Series II Band 2 · No. 36.
ANTOINE ARNAULD AN LEIBNIZ
4. März 1687. [26.40.]
Ce 4. Mars 1687
Il y a longtemps, Monsieur, que j'ay reçû vôtre lettre, mais j'ay eu tant d'occupations depuis ce temps là, que je n'ay pû y repondre plûtost.
Je ne comprens pas bien, Monsieur, ce que vous entendez par cette ~~expression plus~~
*distincte que nostre ame porte de ce qui arrive maintenant à l'égard de son corps*, et
comment cela puisse faire que quand on me picque le doigt mon ame connoisse cette picqueure
avant qu'elle en ait le sentiment de douleur. Cette même expression plus distincte etc. luy
devroit donc faire connoistre une infinité d'autres choses qui se passent dans mon corps, qu'elle
ne connoist pas neanmoins, comme tout ce qui se fait dans la digestion et la nutrition.

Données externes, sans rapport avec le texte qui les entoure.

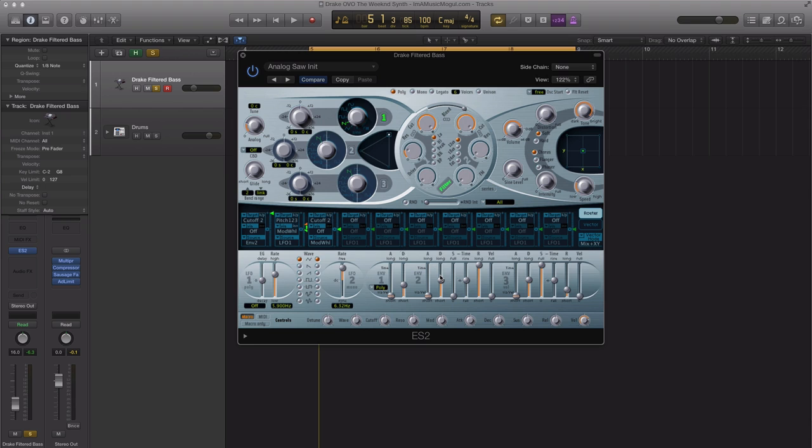Alright, so let's go ahead and set up our oscillators. The first oscillator is going to be a sine wave, and the second oscillator is going to be a sawtooth, which is already preset right here. We're going to bring this mixer value down to about fifty-fifty, and we're going to leave the third oscillator off because we don't need it.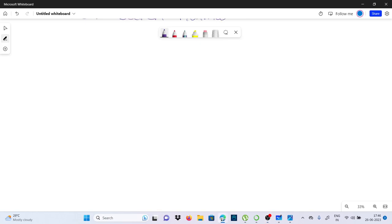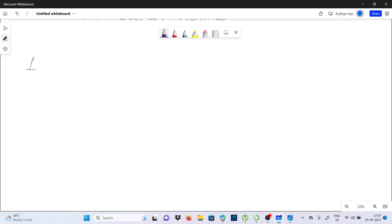Hello guys, this is Chetan Varma and you are watching my YouTube channel CSP Institute. Today I am going to take a video regarding different variants of gradient descent. This is the last video of the continuation part. There are many variants of gradient descent that differ in the way the step size or learning rate is chosen and the way the updates are made. Here are some popular variants. The first is batch gradient descent.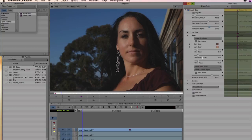So the first step: set the mask up. Second step: come up to our three smoothing controls and dial in the look that you want. And then usually you're pretty much good to go.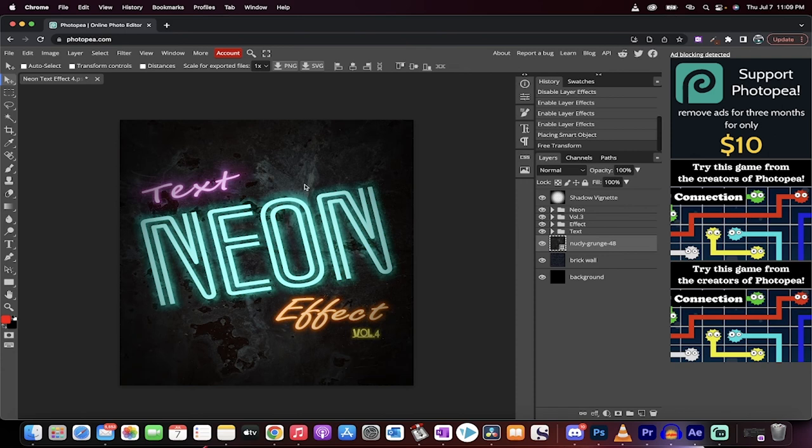Amazing software. You can do amazing work inside Photopea guys. That's how you do it. Thanks for watching, ton more stuff coming up. Stay tuned.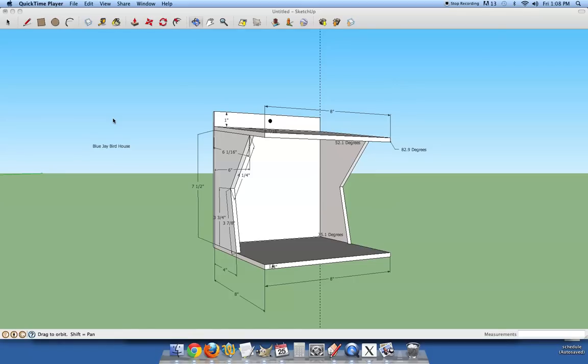You are going to need a protractor for the angles. You will need a square to make sure things are square, a tape measure, a saw, a screwdriver or a drill with some bits, just basics.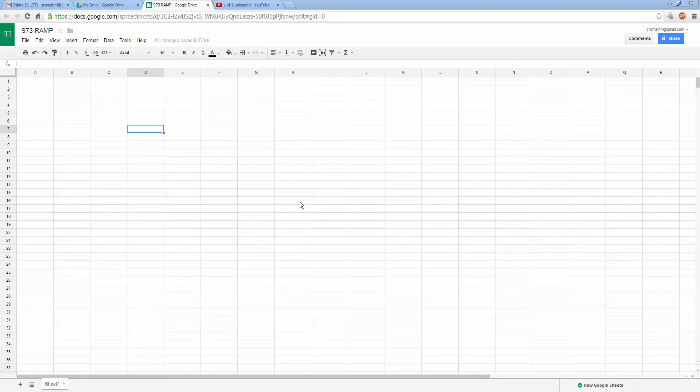Hello everybody, it's Adam Hurd with 973RAMP again, and this is a video that some of you might have seen coming, but I'm sure a lot of you didn't.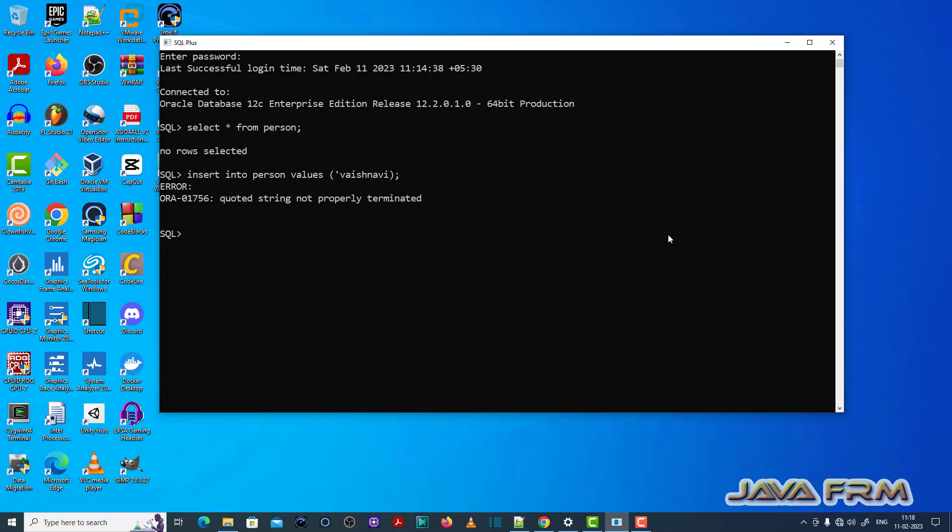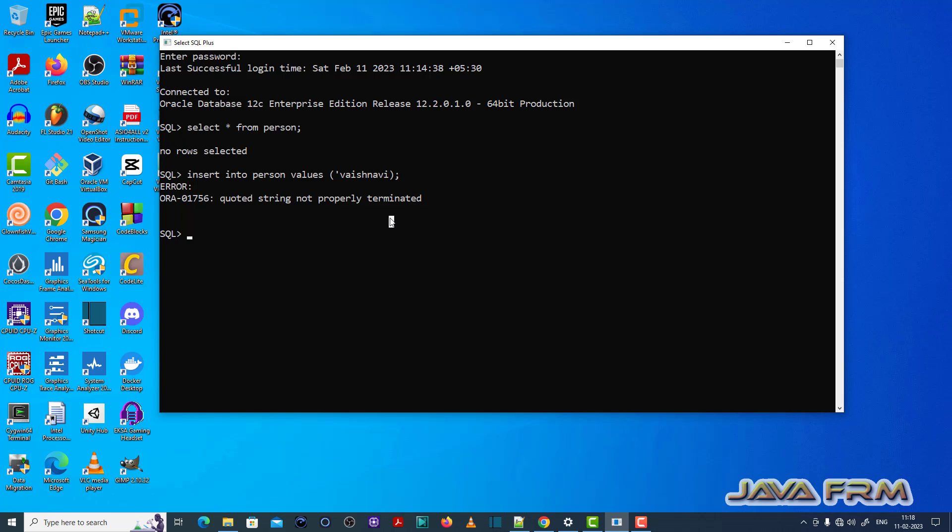ORA-01756 quoted string not properly terminated. See here, I have not properly closed the single quotes inside the insert statement.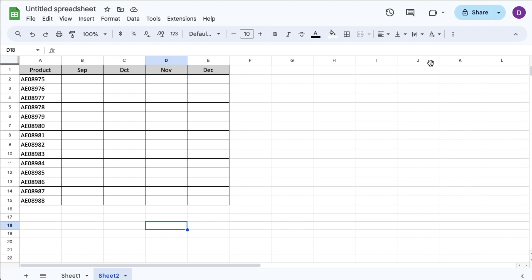You can also use these things for attendance and to mark off completion things. And once you've had those checkboxes in there, you can actually create functions and formulas from those.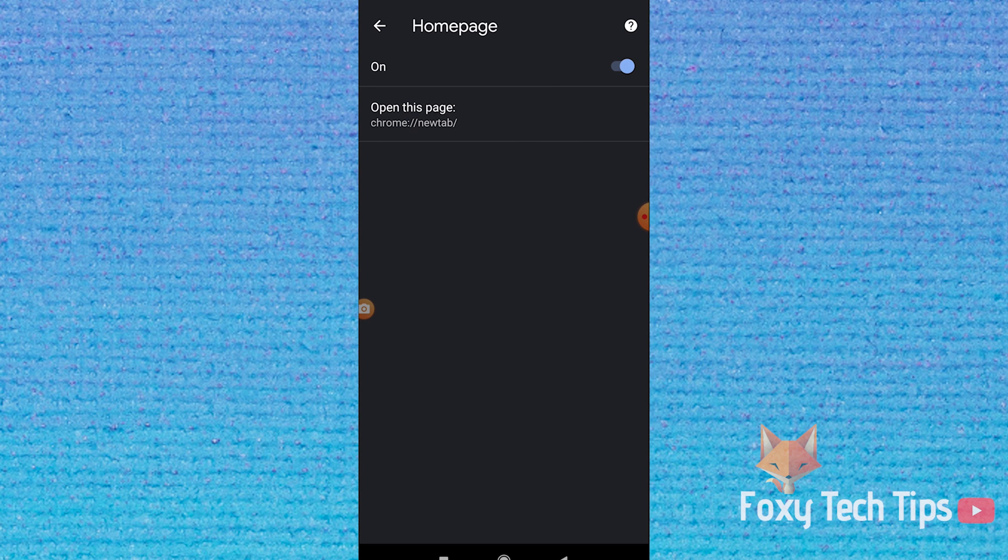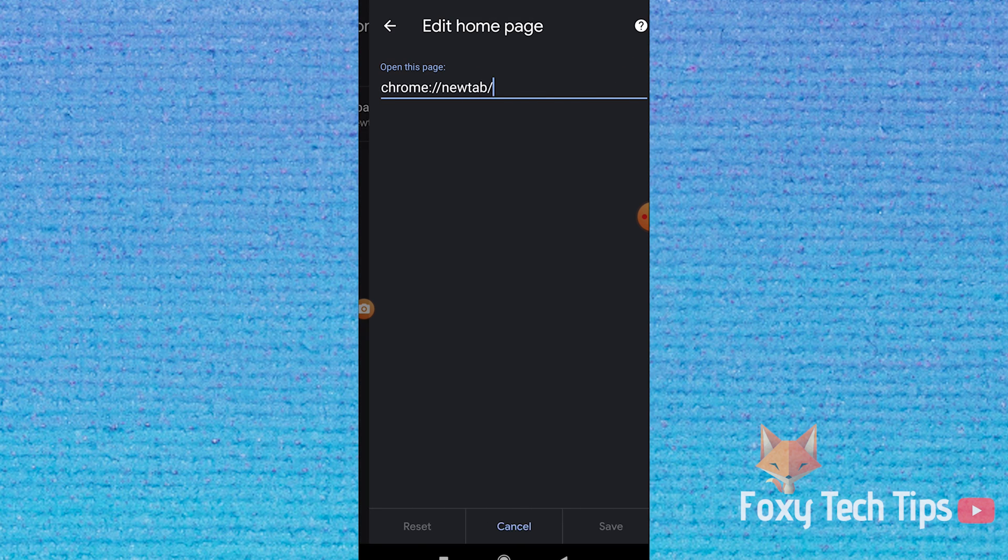Here you can turn the homepage button on and off and also edit what you want the homepage to be.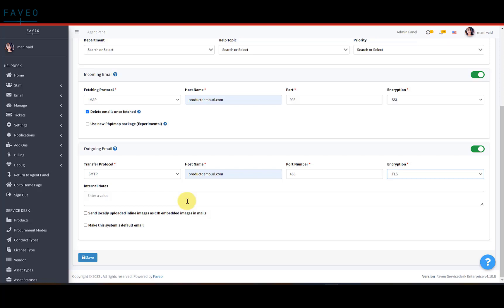In internal notes, you can mention any particular detail about this email you are configuring. Check this box if you want to send locally uploaded inline images in emails. You can check this box to make this email as system's default email. And click on save.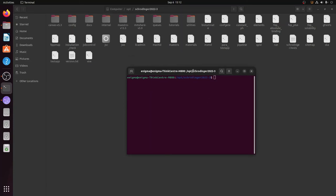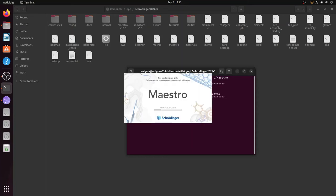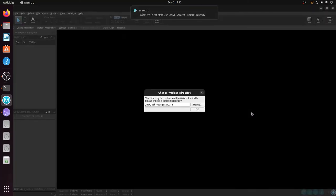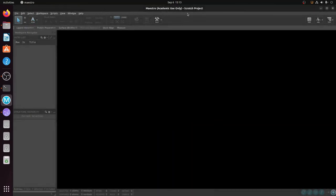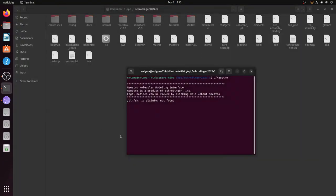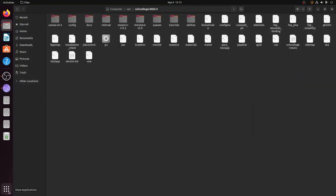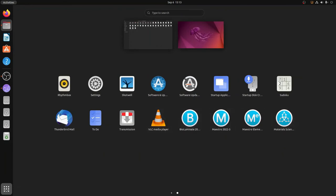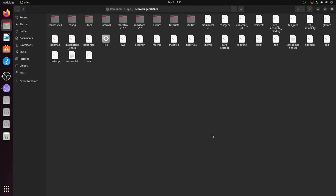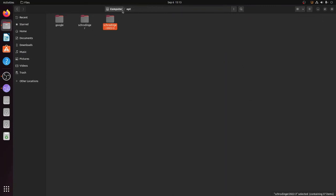We are now in the terminal inside the folder 'schrodinger2022-3'. To open Maestro from the terminal, simply type './maestro' — the name must exactly match — and hit Enter. Maestro will open once again. This is the way to open Maestro if the desktop icons fail to appear. I will close it and now proceed to uninstall Schrodinger.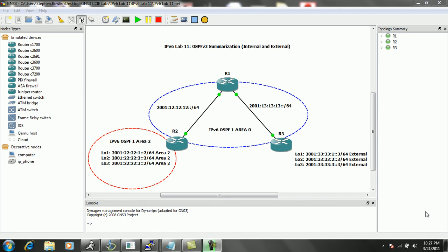Hello, my name is Steve Bowler and in this video we're going to be taking a look at IP version 6. Specifically within IPv6, we're going to be taking a closer look at OSPF version 3 summarization. We're going to be configuring and verifying both OSPFv3 internal and external summarization.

Quant à ce que vous dites: Que quoyque mon bras se leve lorsque je le veux lever, ce n'est pas que mon ame cause ce mouvement dans mon bras; mais c'est que quand je le veux lever, *c'est justement dans le moment que tout est disposé dans le corps pour cet effet; de sorte que le corps se meut en vertu de ses propres loix, quoyqu'il arrive par l'accord admirable, mais inmanquable des choses entre elles, que ces loix y conspirent justement dans le moment que la volonté s'y porte: Dieu y ayant eu égard par avance, lorsqu'il a pris sa resolution sur cette suite de toutes les choses de l'univers*. ll me semble que c'est dire la même chose en d'autres termes, que disent ceux qui pretendent, que ma volonté est la cause occasionnelle du mouvement de mon bras, et que Dieu en est la cause reelle. Car ils ne pretendent pas que Dieu fasse cela dans le temps par une nouvelle volonté, qu'il ait chaque fois que je veux lever le bras: mais par cet acte unique de la volonté éternelle, par la quelle il a voulu faire tout ce qu'il a prevu qu'il seroit necessaire qu'il fist, afin que l'univers fust tel qu'il a jugé qu'il devoit estre. Or n'est-ce pas à quoy revient ce que vous dites, que la cause du mouvement de mon bras lorsque je le veux lever, est l'accord admirable mais inmanquable des choses entre elles, qui vient de *ce que Dieu y a eu égard par avance lorsqu'il a pris sa resolution sur cette suite de toutes les choses de l'univers*. Car cet égard de Dieu n'a pû faire qu'une chose soit arrivée sans une cause reelle: il faut donc trouver la cause reelle de ce mouvement de mon bras. Vous ne voulez pas que ce soit ma volonté. Je ne croy pas aussi que vous croyez qu'un corps puisse se mouvoir soi-même ou un autre corps comme cause reelle et efficiente. Reste donc que ce soit cet égard de Dieu qui soit la cause reelle et efficiente du mouvement de mon bras. Or vous appellez vous même cet égard de Dieu sa resolution, et resolution et volonté sont la même chose: donc selon vous toutes les fois que je veux lever le bras, c'est la volonté de Dieu qui est la cause reelle et efficiente de ce mouvement.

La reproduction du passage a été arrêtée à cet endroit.